Required action: Write back every line of the listing exactly, excluding images.

++++ Input data

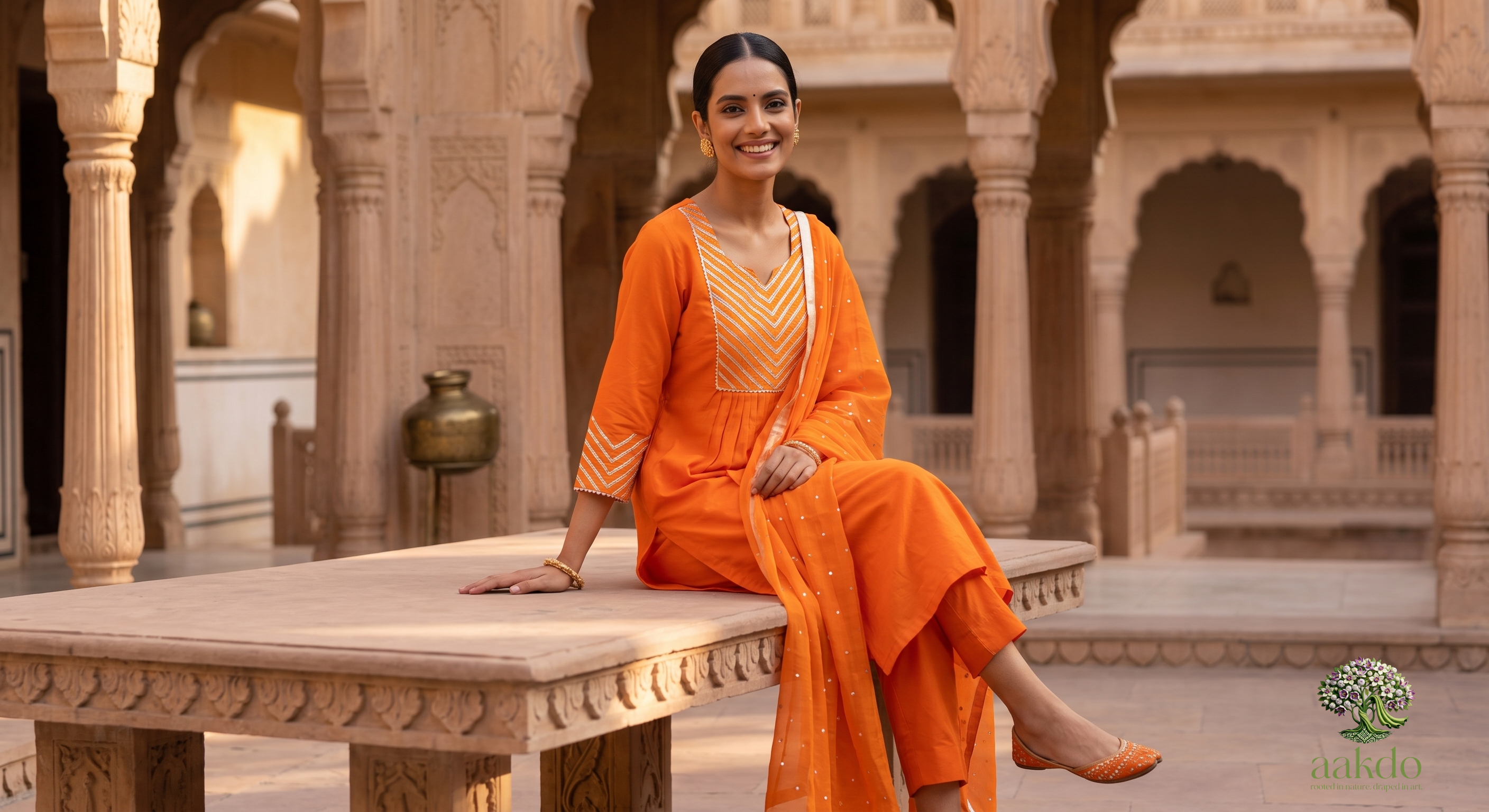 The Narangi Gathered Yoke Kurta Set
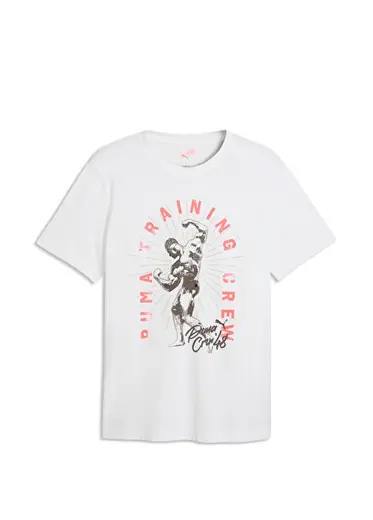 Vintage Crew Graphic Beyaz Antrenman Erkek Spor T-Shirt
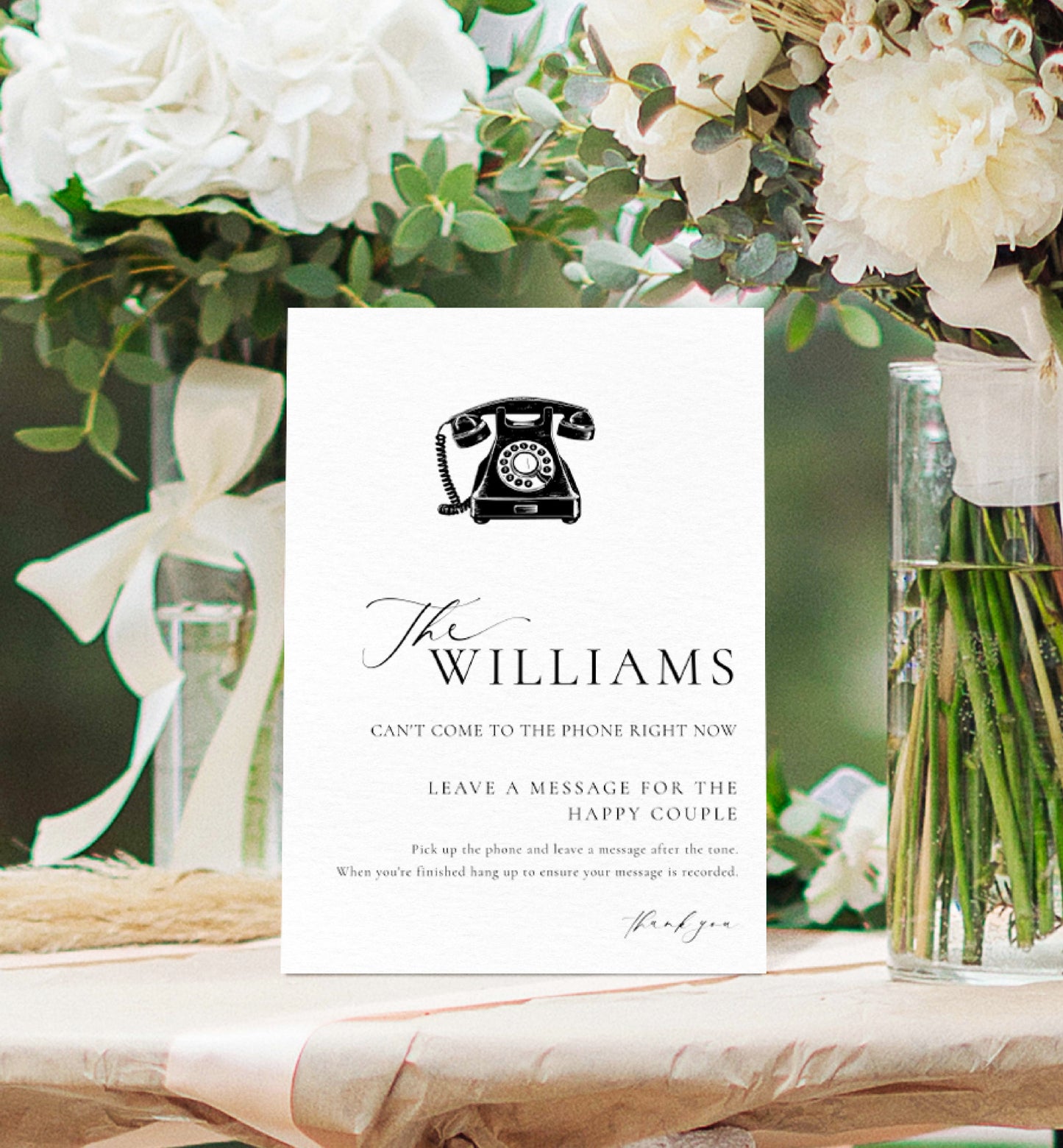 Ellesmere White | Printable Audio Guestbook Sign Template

++++++++

Task output:
 The Narangi Gathered Yoke Kurta Set
 Vintage Crew Graphic Beyaz Antrenman Erkek Spor T-Shirt
 Ellesmere White | Printable Audio Guestbook Sign Template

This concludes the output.